ACTIVITY →
Output only the lines below from the one containing "KYIV, UKRAINE - JULY" to the one containing "Belle photo de", exactly as written, both ends kept.
SUPPLIED MATERIAL below:
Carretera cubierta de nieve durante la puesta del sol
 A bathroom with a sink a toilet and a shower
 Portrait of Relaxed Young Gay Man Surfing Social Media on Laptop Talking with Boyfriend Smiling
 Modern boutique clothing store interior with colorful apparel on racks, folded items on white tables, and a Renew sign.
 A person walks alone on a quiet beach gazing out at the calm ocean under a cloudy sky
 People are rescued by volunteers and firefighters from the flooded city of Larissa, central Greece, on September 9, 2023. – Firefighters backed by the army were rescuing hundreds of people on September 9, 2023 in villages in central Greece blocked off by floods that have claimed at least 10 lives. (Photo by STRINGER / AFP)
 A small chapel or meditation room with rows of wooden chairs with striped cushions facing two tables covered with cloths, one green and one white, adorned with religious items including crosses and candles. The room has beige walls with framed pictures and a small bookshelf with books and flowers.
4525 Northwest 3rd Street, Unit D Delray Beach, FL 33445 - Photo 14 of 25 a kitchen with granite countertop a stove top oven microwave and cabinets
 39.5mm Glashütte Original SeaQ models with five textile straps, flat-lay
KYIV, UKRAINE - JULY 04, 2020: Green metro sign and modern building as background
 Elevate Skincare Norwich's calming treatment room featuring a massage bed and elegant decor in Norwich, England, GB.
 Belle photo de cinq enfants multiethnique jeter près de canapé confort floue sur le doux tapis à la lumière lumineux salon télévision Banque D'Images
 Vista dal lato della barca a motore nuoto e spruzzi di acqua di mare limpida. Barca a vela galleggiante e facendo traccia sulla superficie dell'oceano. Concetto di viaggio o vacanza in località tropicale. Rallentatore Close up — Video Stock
End of SUPPLIED MATERIAL.
EXERCISE OUTPUT →
KYIV, UKRAINE - JULY 04, 2020: Green metro sign and modern building as background
 Elevate Skincare Norwich's calming treatment room featuring a massage bed and elegant decor in Norwich, England, GB.
 Belle photo de cinq enfants multiethnique jeter près de canapé confort floue sur le doux tapis à la lumière lumineux salon télévision Banque D'Images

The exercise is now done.